**DATA SUPPLIED:**
□ □ □ □ □ □ □

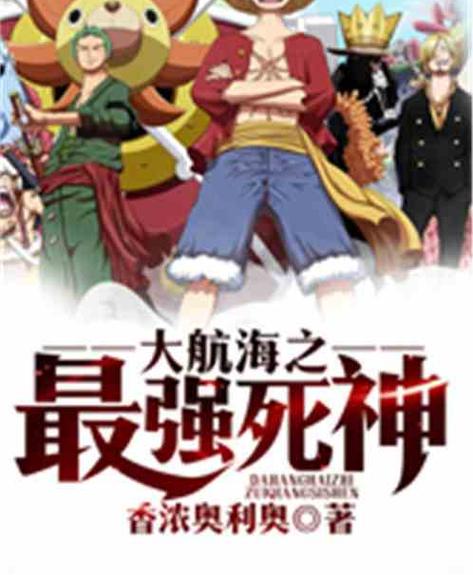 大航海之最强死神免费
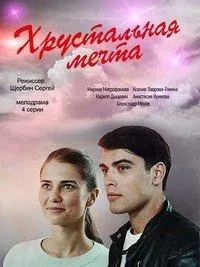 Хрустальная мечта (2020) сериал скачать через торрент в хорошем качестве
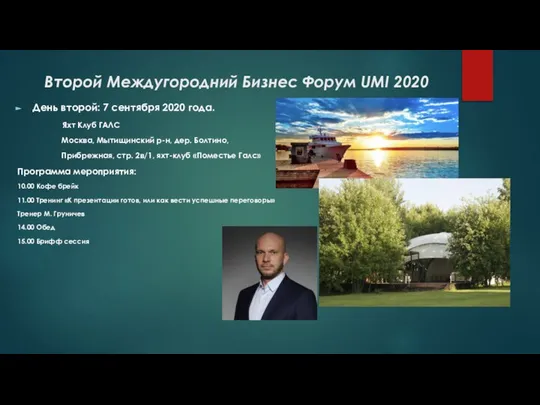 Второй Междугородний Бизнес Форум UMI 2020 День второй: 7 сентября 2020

□ □ □ □ □ □ □

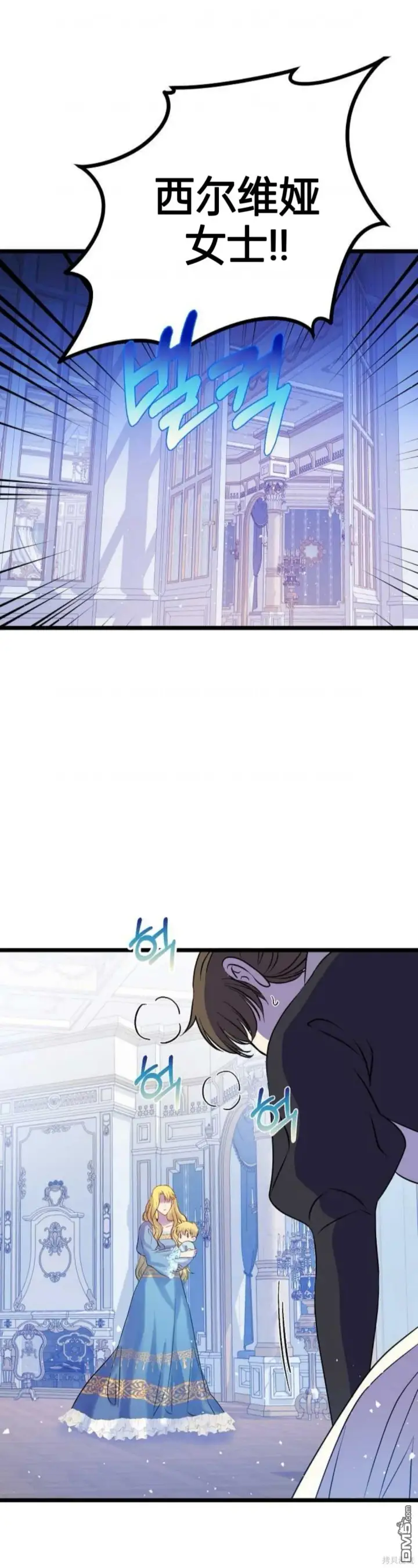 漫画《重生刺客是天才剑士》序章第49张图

□ □ □ □ □ □ □

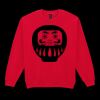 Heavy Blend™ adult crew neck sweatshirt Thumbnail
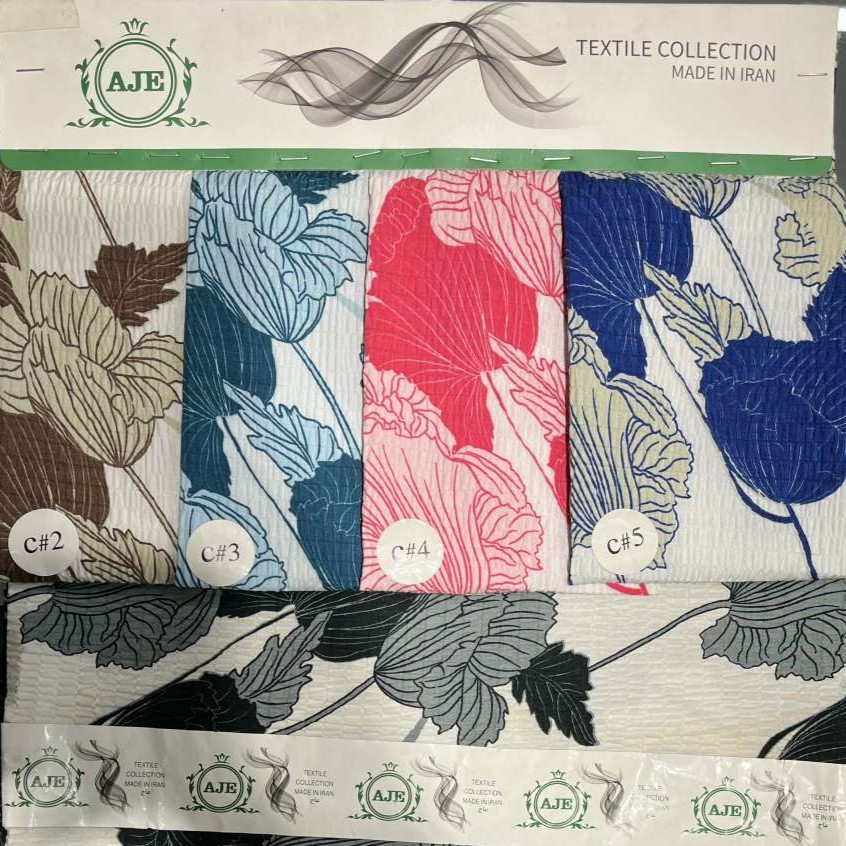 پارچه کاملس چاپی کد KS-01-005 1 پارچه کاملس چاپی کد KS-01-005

□ □ □ □ □ □ □

**PROBLEM DETAILS:**
Starting at the line with "Heavy Blend™ adult" in the entries above, write out every line exactly until the line with "پارچه کاملس چاپی کد KS-01-005 1" has been written. Include no pictures and nothing more.

**ANSWER FOR THIS EXERCISE:**
 Heavy Blend™ adult crew neck sweatshirt Thumbnail
 پارچه کاملس چاپی کد KS-01-005 1 پارچه کاملس چاپی کد KS-01-005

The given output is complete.